Belediyemizin halen yürüttüğü imar politikası, genellikle eski mahallelerimizin gelişmesine yardımcı olmuştur diyebiliriz. Gelecek yıllarda ise mevcut imar politikası devam ettiği taktirde, doğacak zararlı sonuçları aşağıda inceliyeceğiz.

ESKİ GAZİANTEP MAHALLELERİNİ BEŞ BÜYÜK BÖLÜM ALTINDA İNCELİYEBİLİRİZ

Gaziantep'te çok partili devreye girildiği yıllarda mevcut olan 34 mahalleyi 5 büyük gurupta topluyabiliriz. Nüfus çokluğuna göre sıraladığımız gruplar şöyledir:

A) Tepebaşı-Kayacık semti (1967 de 21.100 kişi ikamet etmektedir.)

B) Türktepe semti (1967’de 21.100 kişi ikamet etmektedir.)

C) Şehreküstü semti (Nüfus: 20.400 kişi)

Ç) Tabakhane semti (Nüfus: 14.600 vatandaş)

D) Merkez mahalleleri (13.700 kişi)

1967 Eylül'ünde toplam nüfus: 92.100 kişi. Genel şehir nüfusunun yüzde 52,18’I eski mahallelerde yaşamaktadır.

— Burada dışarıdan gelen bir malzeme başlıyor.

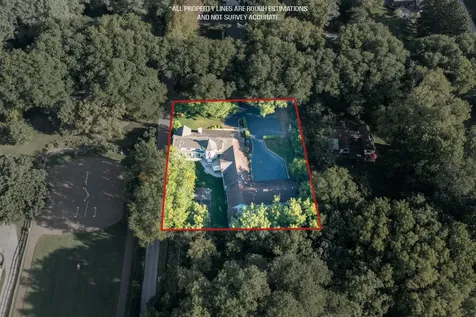 204 Country Commons Road Trout Valley IL 60013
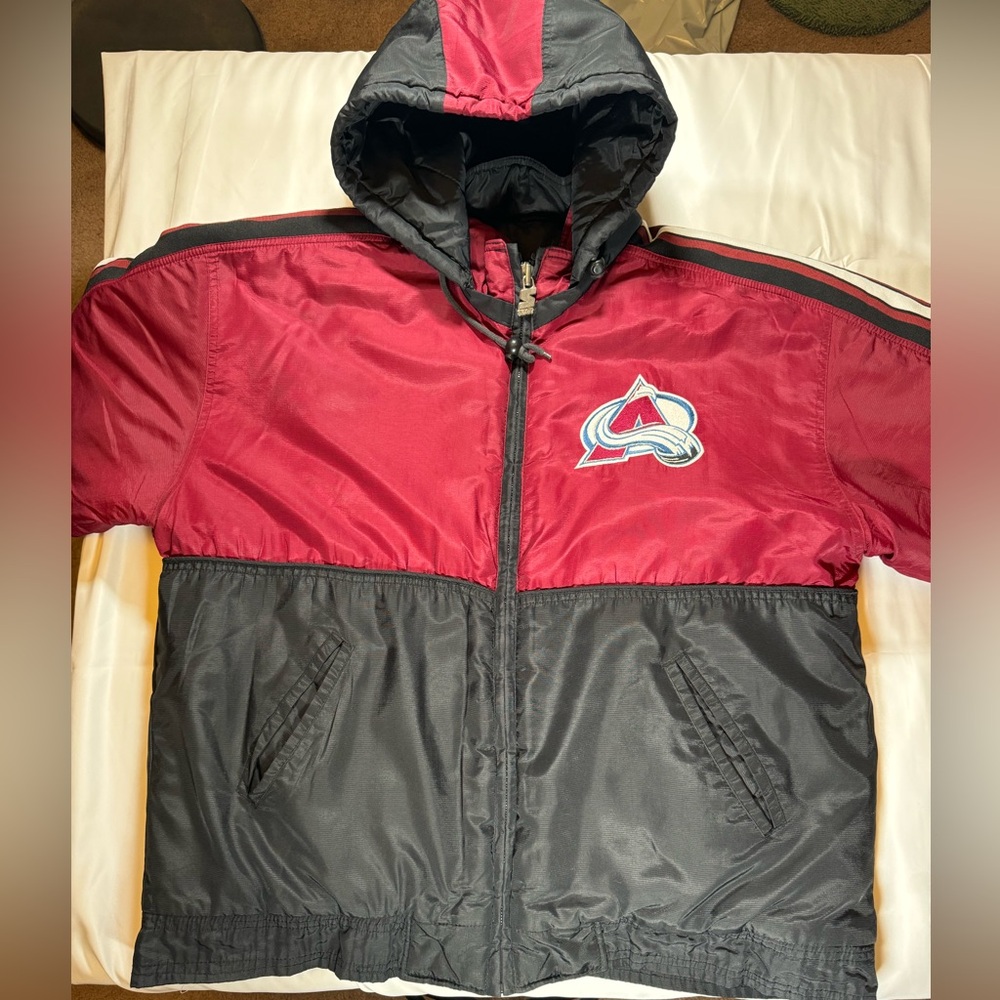 STARTER Vintage Men's Colorado Avalanche NHL Puffer Jacket with Hood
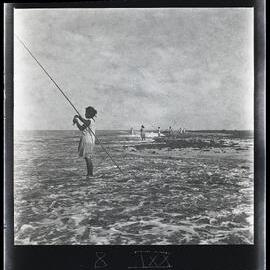 [Narau] Another Woman Removing her Catch from the Hook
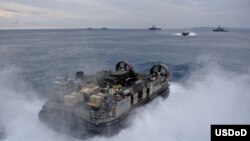 美日在冲绳附近联合军演。(2012年11月5日)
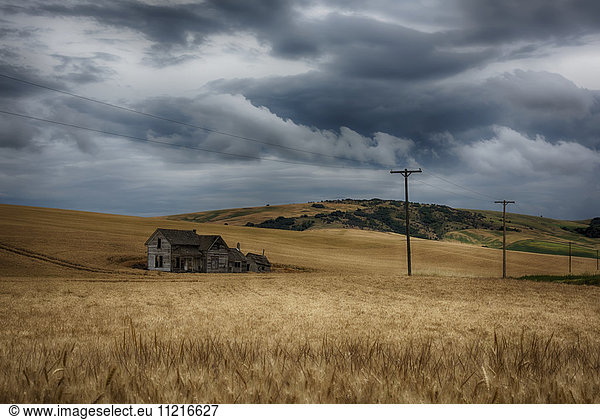 Amerika Himmel Sturm unterhalb Ländliches Motiv ländliche Motive Mittelpunkt Verbindung Blockhaus Palouse Holzhaus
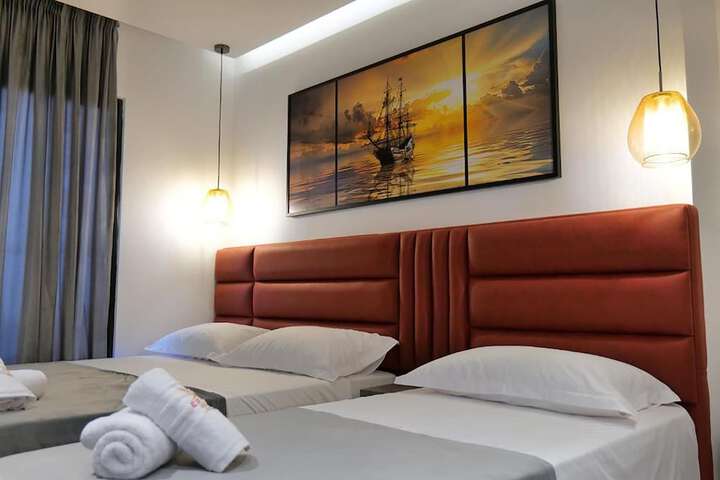 Room 42 of 137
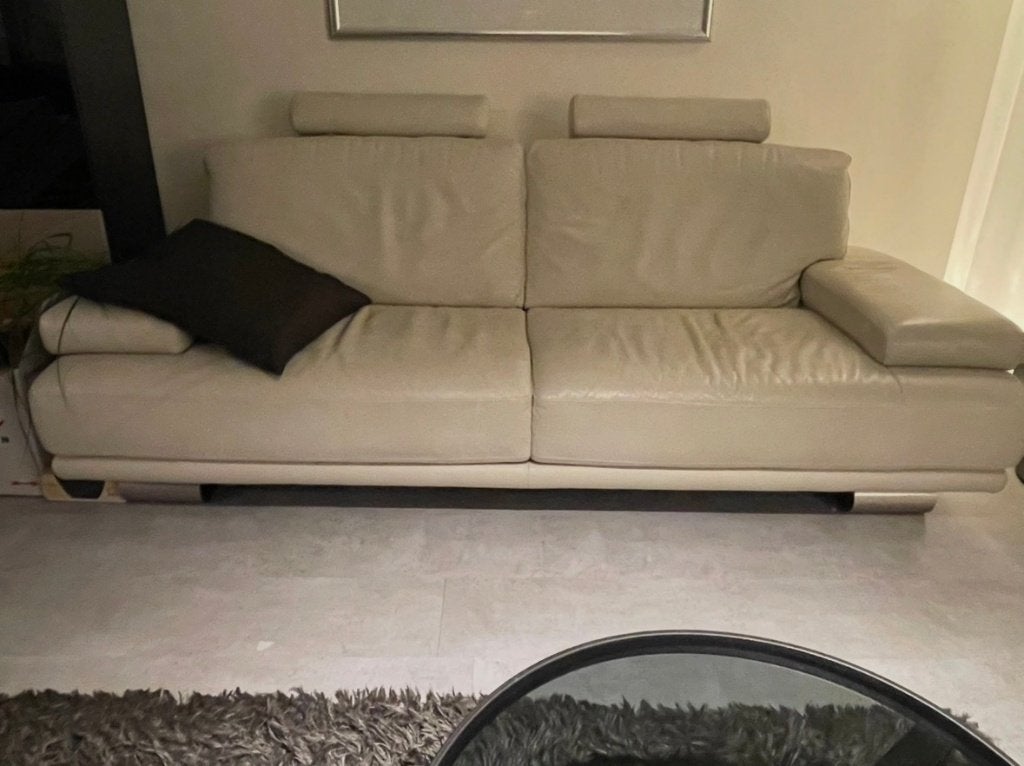 Te koop: 2,5 persoons design bank, witleer, metalen voeten, Ophalen, Gebruikt, Driepersoons, 75 tot 100 cm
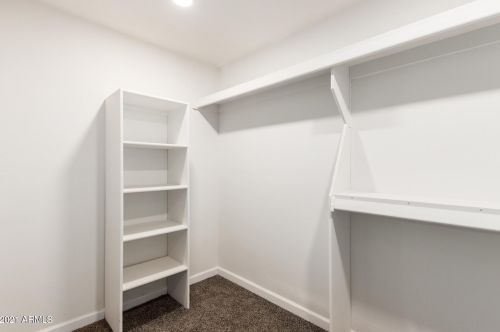 1427 El Camino Dr, Phoenix AZ 85051-4626 exterior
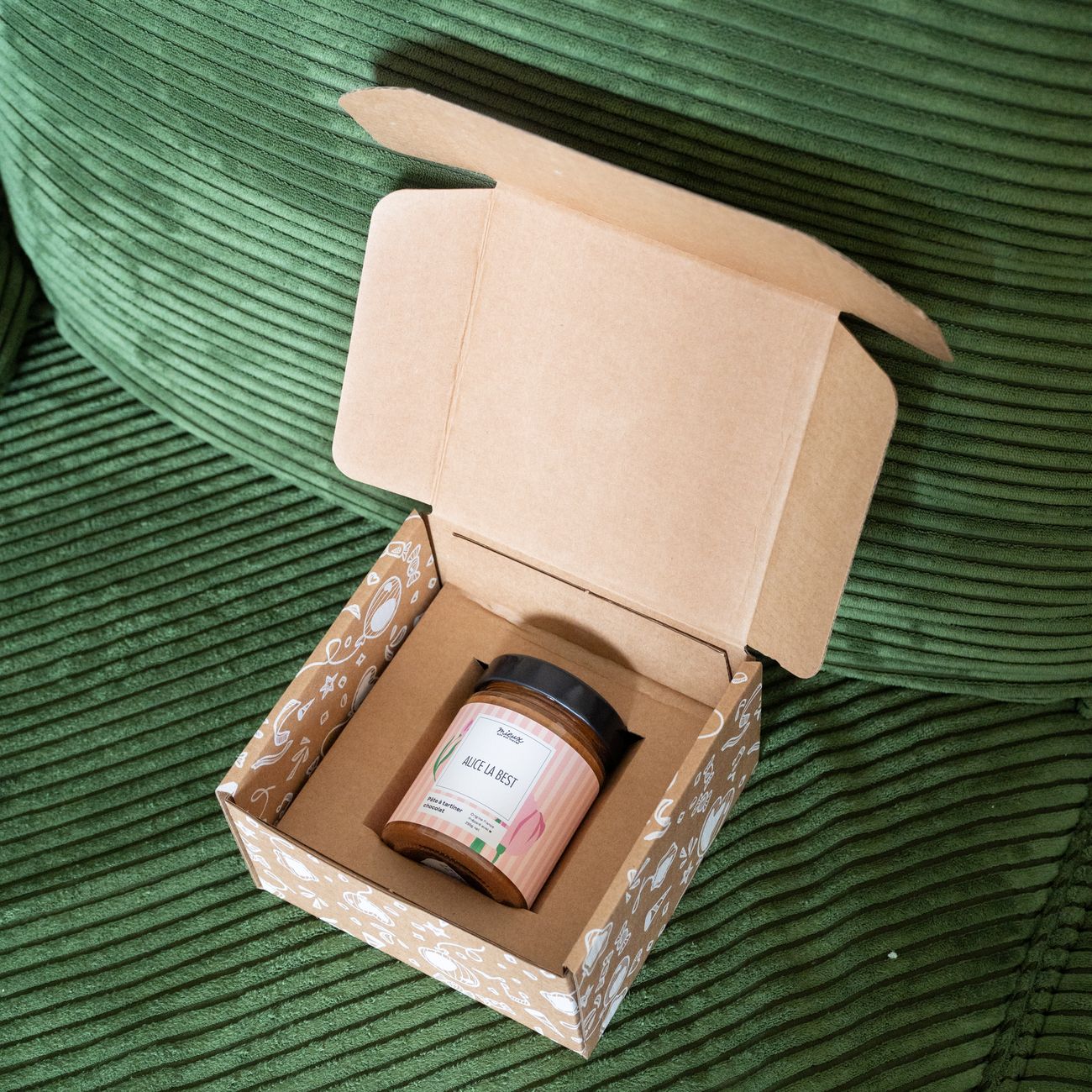 Pâte à tartiner personnalisée en pot avec étiquette colorée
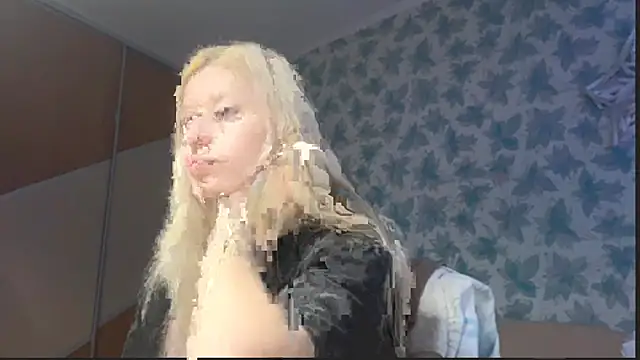 Barbie Blondie online show from December 2025 12:18:02 AM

A) TEPEBAŞI-KAYACIK SEMTİ: Eski Gaziantep şehrinin batı yönünde aynıismi taşıyan iki tepe ve çevresinde kurulmuştur. Bu semtin önemli bir kısmına, Akyol semti diyenler de çoktur. Gaziantep’in en kalabalık mahallelerinden üçüncüsü olan Akyol mahallesi bu semttedir. Kısa olarak Tepebaşı da diye bileceğimiz semtte 6 mahalle bulunmaktadır:

1) Akyol

2) Tepebaşı

3) Bey

4) Eyüpoğlu

5) Kozanlı

6) Şahveli

1967 ikinci yarısında Tepebaşı semtinde umum Gaziantep şehri nüfusunun yüzde 12,64'ü yani 22.300 vatandaşımız yaşamaktadır. Evlerin çoğunluğu eski Ermeni evleridir, 2-3 katlı taştan yapılmış olanları ekseriyettedir. Akyol Bahçelievler mıntıkası modern şehir manzarasındadır.